Despite SADC’s lack of public criticism last week of Zimbabwe President Robert Mugabe, one analyst says African leaders probably talked tough in private meetings. Chris Maroleng is a senior researcher with South Africa’s Institute for Security Studies. From Pretoria, he spoke to VOA English to Africa Service reporter Joe De Capua about the SADC meeting.
“I think that…even though the communiqué from the Southern African Development Community (SADC) seemed to come short of criticizing President Robert Mugabe openly, none of the analysis that I was aware of gave the impression that the Southern African Development Community was poised to public criticize President Robert Mugabe. However, we are also reliably informed that behind closed doors that there was robust debate and a clear indication to President Mugabe that his misbehavior in terms of his abuse of opposition political activists and civil society activists, was unacceptable. And that President Mugabe would be advised to prepare for elections in 2008,” he says.

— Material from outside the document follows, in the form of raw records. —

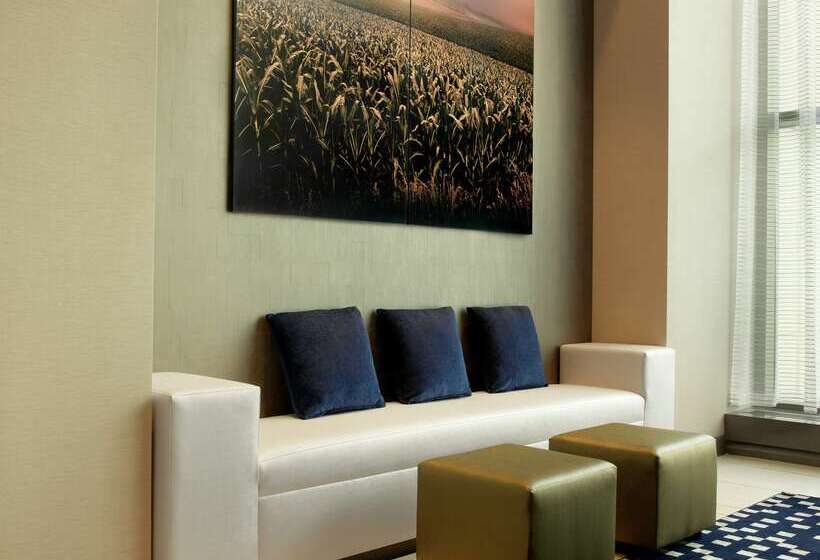 Отель Doubletree By Hilton  Cedar Rapids Convention Complex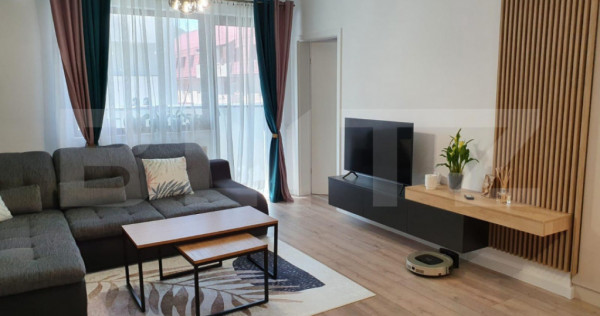 Apartament de vanzare, 3 camere, 2 bai, garaj + boxa, zona S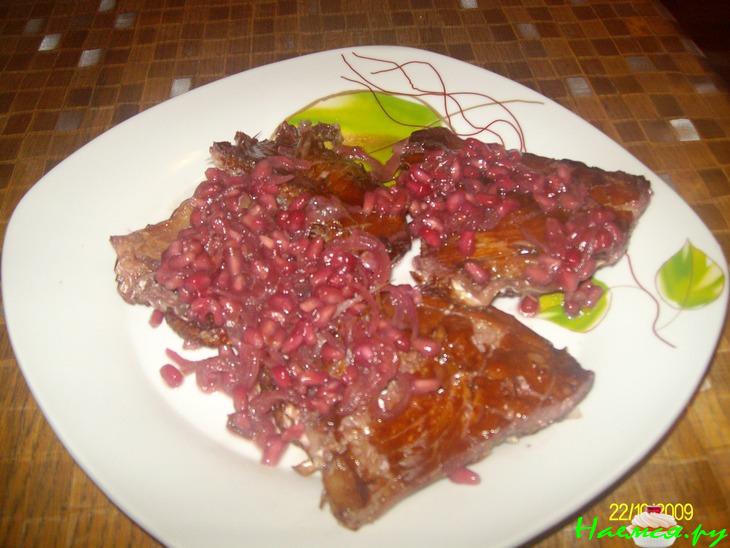 Копченая рыба с гранатом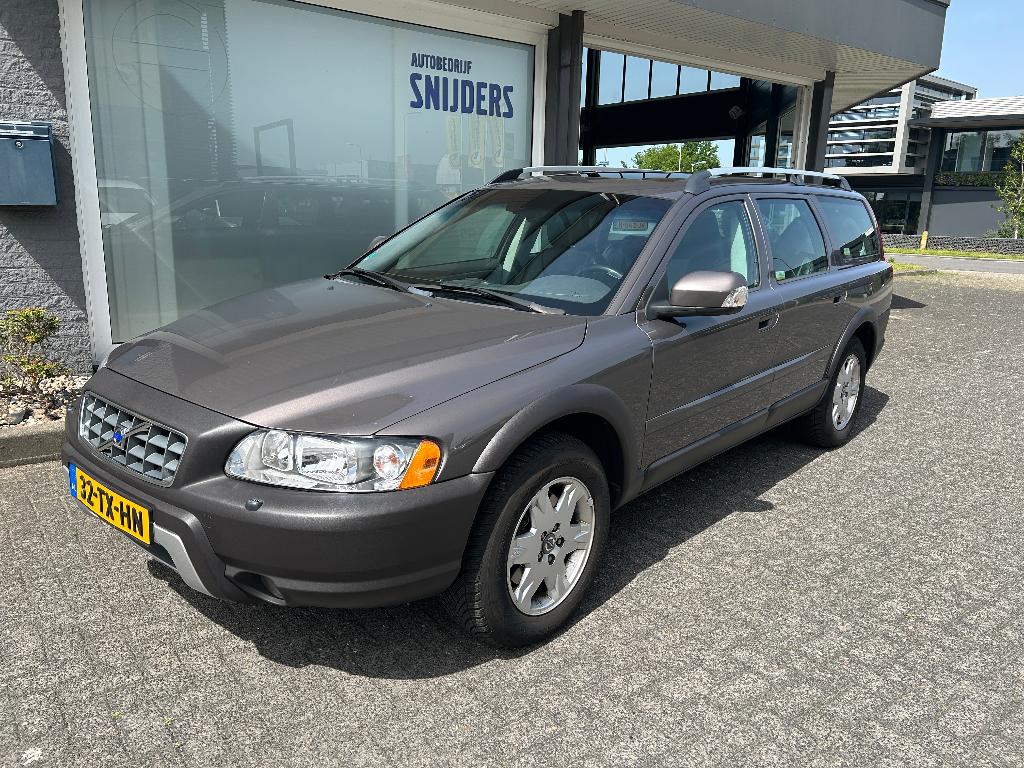 Volvo XC70 2.5 T AWD 2007 Bruin, Auto's, Volvo, 1800 kg, Zwart, Bruin, 1618 kg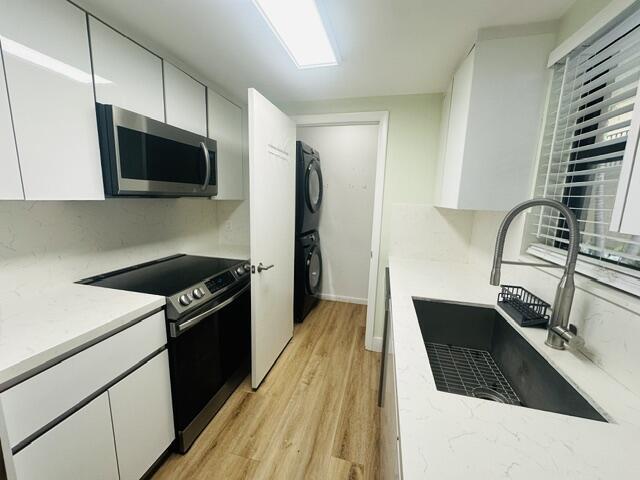 property at 890 N Federal Hwy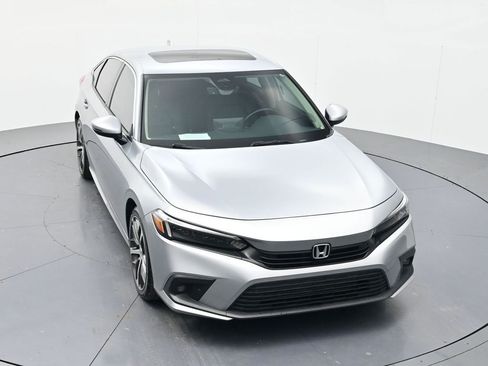 Used 2023 Honda Civic Touring image 38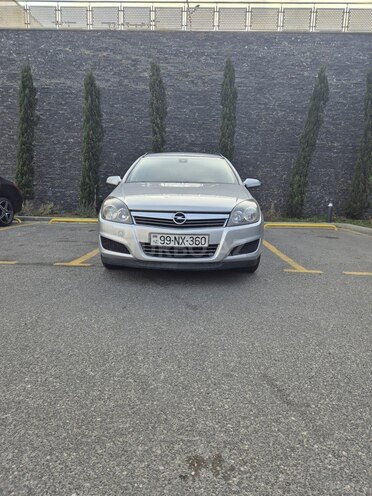 Opel Astra-1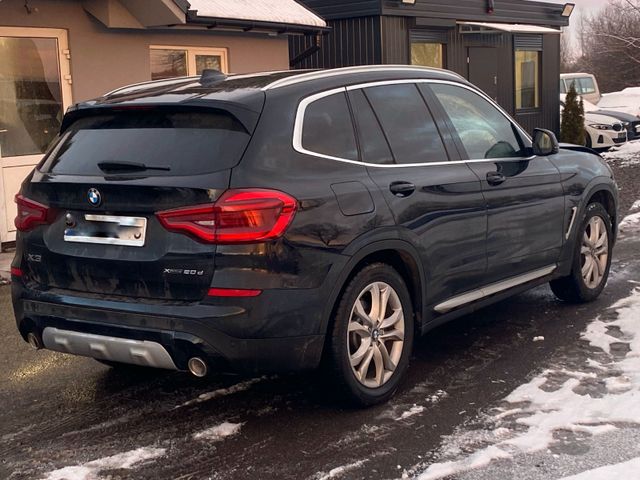 BMW X3 xDrive 20d xLine PANORAMA/NAVI-SYS/CAR PLAY/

Maroleng says that means following SADC guidelines to ensure the elections are free and fair. He also thinks it’s significant that South African President Thabo Mbeki was chosen as a mediator to help open a dialogue between the opposition MDC (Movement for Democratic Change) factions and the ruling ZANU-PF Party.
Asked about Mbeki’s ability to mediate in the current political atmosphere, the analyst says, “There have been questions raised about (Mbeki’s) acceptability by the opposition, who have raised questions whether he’ll be able to do this since he has failed in the past to steer Robert Mugabe onto a course that would lead to an opening up of democratic space in that country. But more importantly, I think the Movement for Democratic Change has criticized President Mbeki on the basis that they believe him to be partisan in favor of ZANU-PF. However, in my opinion I think President Mbeki of South Africa is still well placed to provide some kind of mediation, mainly due to the fact that he seems to be acceptable more importantly to President Mugabe and ZANU-PF.”
Maroleng says he expects Mugabe to seek re-election next year and win a landslide victory, in part because of the divisions among the opposition.